◆ **Task prompt**
Some lines in the material below hold the word "which". Copy all of them.

◆ **Source information**
+ + + +

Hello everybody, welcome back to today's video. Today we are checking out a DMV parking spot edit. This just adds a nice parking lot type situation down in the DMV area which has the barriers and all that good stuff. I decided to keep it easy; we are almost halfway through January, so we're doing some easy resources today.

+ + + +

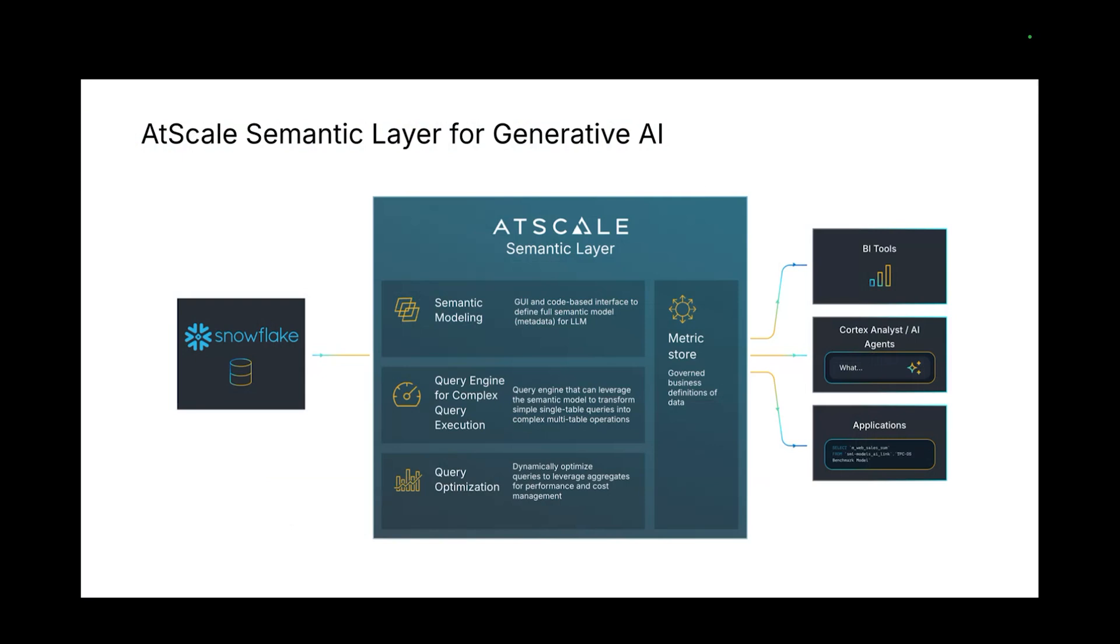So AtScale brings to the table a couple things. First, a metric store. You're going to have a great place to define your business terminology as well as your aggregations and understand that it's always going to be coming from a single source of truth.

+ + + +

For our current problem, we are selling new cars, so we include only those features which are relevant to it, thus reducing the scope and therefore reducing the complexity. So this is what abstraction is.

+ + + +

◆ **Answer to this problem**
Hello everybody, welcome back to today's video. Today we are checking out a DMV parking spot edit. This just adds a nice parking lot type situation down in the DMV area which has the barriers and all that good stuff. I decided to keep it easy; we are almost halfway through January, so we're doing some easy resources today.
For our current problem, we are selling new cars, so we include only those features which are relevant to it, thus reducing the scope and therefore reducing the complexity. So this is what abstraction is.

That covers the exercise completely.